One of the things I’ve learned from 20+ years of military tactics – if you want to survive, never stay still – keep moving. Preferably forward. With that in mind, I’m forever looking for new ways to improve both as an artist/cartoonist and as a small business.
One of the major investments I’ve made recently in terms of both money and time is my new “Percenters” business cartoon website. It’s a massive amount of work, but it’s a great way to showcase my business/marketing – even political cartoon work. Because of the amount of time it takes on the computer to tweak/rework the site, and format the hundreds of images in a half a dozen ways required, I invested in a new laptop. My old laptop had been hauled around the deserts of the Middle East in backpacks and bags and did it’s time honorably, but it’s now very, very tired. I didn’t skimp on the new one either – lots of speed, memory, graphics – the works. Unfortunately, the laptop lacked the requisite amount of motivation to get the job done, and opted out by sacrificing its hard drive. After only three months. If I were to ship the computer back to the manufacturer to have the work done under warranty, it would be in excess of two months before I’d see it again, which isn’t an acceptable amount of time. So I’ve decided to foot the repair costs and get it back, hopefully today.

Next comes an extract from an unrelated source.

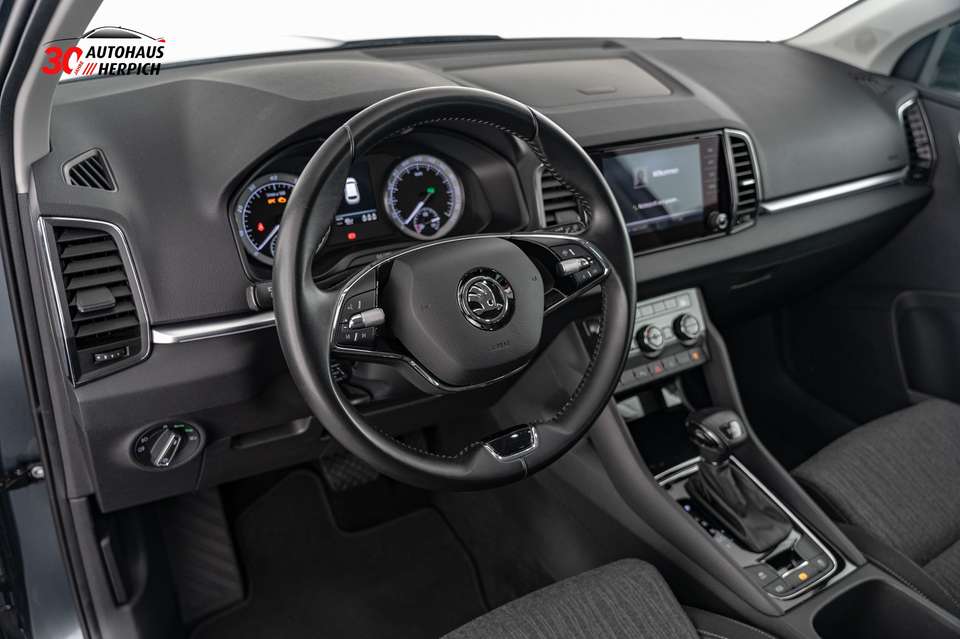 Skoda Karoq - Imagem 8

Being a professional cartoonist and illustrator is a commitment. That’s where the word ‘professional’ takes on special significance. When creating art as a hobby or for amusement, you don’t really need a Plan B. Or a Plan A for that matter. But when you commit to providing work for others to use and, hopefully, profit from, you have to meet the challenges with a seemingly bottomless well of solutions when adversity bangs vigorously on your door. And it most certainly will.
Ironically, I’m typing this on my Plan B, my very tired, old veteran of foreign wars laptop.
Being a professional cartoonist is, to me, a gift and a privilege. A few curves will be thrown at me from time to time, and even an occasional fast-ball to the head, but in the end, this is still the greatest, most fun and rewarding way to earn or supplement a living. And seeing someone crack a smile or laugh out loud at one of my cartoons is still the most elating feeling I can think of.
Hi!
I came across your blog as I was looking for information about submitting cartoons to publishers. your blogs are very nicely written and thoroughly enjoyed “becoming a cartoonist/illustrator”. I was hoping you could lend your experience and answer a technical question, as it’s hard (at least for me) to find the details online.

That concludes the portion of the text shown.